This layer houses essential datasets, including the POI database, hotel database, and distance matrix. These datasets are critical for generating personalised recommendations based on available resources.

3. Recommendation algorithm

At the heart of the system lies the recommendation algorithm, which consists of various components such as preference vectorization, a cosine similarity calculator, and a scoring mechanism. The preference vectorization process converts user inputs into a format suitable for analysis, while the cosine similarity calculator helps identify relevant POIs based on user preferences

4.2 Route optimization

To enhance the user experience, the system incorporates a route optimization module. This module employs advanced algorithms, including genetic algorithms and the Haversine formula, to determine the most efficient travel routes. The two-point local search method further refines the itinerary by exploring alternative routes, ensuring that the final recommendations are both practical and enjoyable for the user.

4.3 Explainability through SHAP

A distinguishing feature of ExplainableTrip is its use of SHAP (SHapley Additive exPlanations) values to provide transparency in the recommendation process. The SHAP explainer analyses the contributions of various factors—such as travel distance, time constraints, and POI popularity—to the final output. This interpretation capability is achieved through global and local explanations, allowing users to understand not only what recommendations are made but also the reasoning behind them.

4.4 Workflow Overview

The workflow of the ExplainableTrip system can be summarised as follows: user inputs are collected through the user interface, which then accesses the relevant datasets stored in the data storage layer. The recommendation algorithm processes these inputs to generate personalised itineraries. Finally, SHAP values are computed to explain the recommendations, providing users with insights into the decision-making process.

In summary, the architecture of the ExplainableTrip system effectively integrates various components to deliver personalised travel recommendations while ensuring transparency and user trust.

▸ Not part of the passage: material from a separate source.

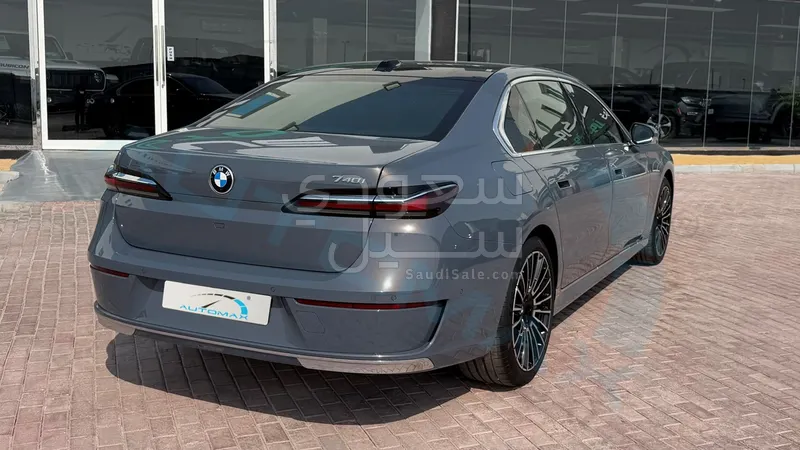2026 بي ام دبليو الفئة السابعة 740أي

4.5 Travel Planner Algorithm

The TRAVEL_PLANNER algorithm is designed to create personalized travel itineraries based on user inputs such as travel type, duration, budget, and traveler type. By leveraging a combination of point-of-interest (POI) data, distance calculations, and user preferences, this algorithm ensures efficient and enjoyable travel planning.

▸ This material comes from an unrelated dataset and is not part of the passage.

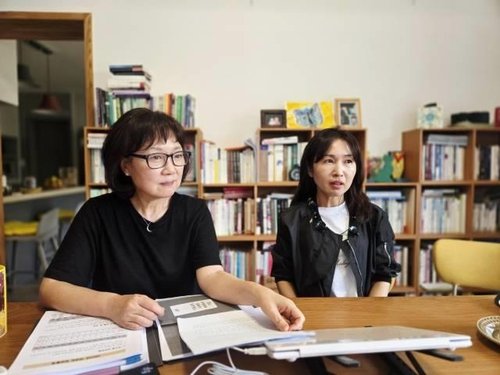 연합뉴스와 인터뷰 중인 권희정 소장(왼쪽)과 배진시 대표(오른쪽) (출처=연합뉴스)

The algorithm utilizes the Haversine formula to compute the shortest distance between points, accommodating the Earth's curvature. This formula is essential for accurately determining travel distances between selected POIs and hotels, ensuring optimal route planning.

Algorithm 1. TRAVEL_PLANNER

Input: (Type[], Duration, Budget, TravellerType, MaximizePlaces)

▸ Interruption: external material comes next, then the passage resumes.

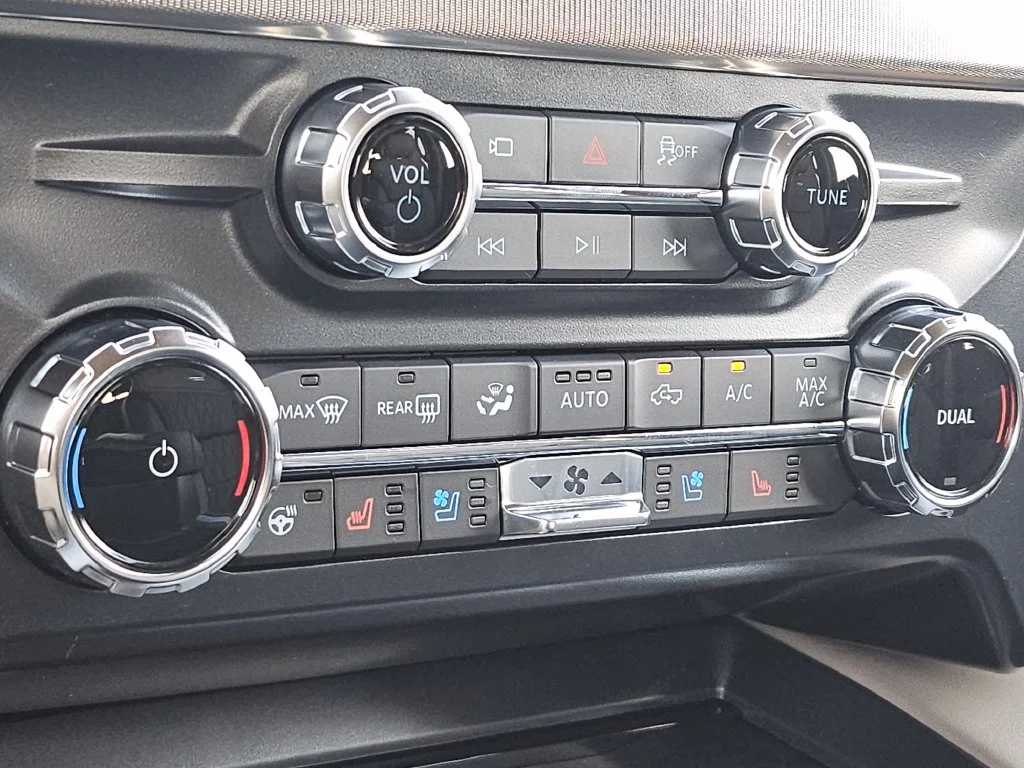 New 2026 Agate Black Metallic Ford F-350® Platinum® image 35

Output: Generate_Itinerary(routes), Generate_UserInfo(), map

Data: POI, Distance Matrix, Hotel data

user_matrix ← Initialize_User_Preferences(Type[])
similarity_scores←Cosine_Similarity(user_matrix, POI_data)
selected_POIs ← Filter(similarity_scores)
if MaximizePlaces = "yes" then

max_places_per_day ← 6 else

max_places_per_day ← 3

end if

while selected_POIs.length/Duration > max_places_per_day do

5.1 Remove lowest priority POIs from selected_POIs

end while

center_point ← Calculate_Center(selected_POIs)
nearest_hotel←Find_Nearest_Hotel(center_point, Budget, TravellerType)
time_slots ← Assign_Time_Slots(selected_POIs)
for day = 1 to Duration:

9.1 day_route ←

Generate_Optimal_Route(selected_POIs, time_slots, day)

9.2 Append day_route to routes

end for

map ← Create_Interactive_Map(routes, nearest_hotel)
return Generate_Itinerary(routes), Generate_UserInfo(), map

4.6 Haversine formula

The Haversine formula is a widely used method to calculate the shortest distance between two points on the surface of a sphere, assuming a spherical Earth. The formula accounts for the curvature of the Earth, and the resulting distance is referred to as the great-circle distance.

Haversian Formula:

$\begin{aligned} & d=2 r \times\arcsin \left(\sqrt{\sin ^2\left(\frac{\Delta \phi}{2}\right)+\cos \left(\phi_1\right) \times \cos \left(\phi_2\right) \times \sin ^2\left(\frac{\Delta \lambda}{2}\right)}\right.\end{aligned}$

where,

d is the distance between two points

r is the Earth's radius

$\phi_1$, $\phi_2$ are the latitudes of points A and B in radians

$\Delta \phi$ is the difference in latitudes

Δλ is the difference in longitudes

5. Methodolgy

5.1 Data preprocessing

5.1.1 POI categorization

POIs can be classified into different types based on their main attribute, such as aesthetics, culture, or religion. This is a multi-label classification problem because a POI may fall into more than one category. For each category, the importance is checked by prominence in the POI's description or visitor feedback. The nuanced categorization enables a more accurate match between user preferences and the characteristics of available POIs.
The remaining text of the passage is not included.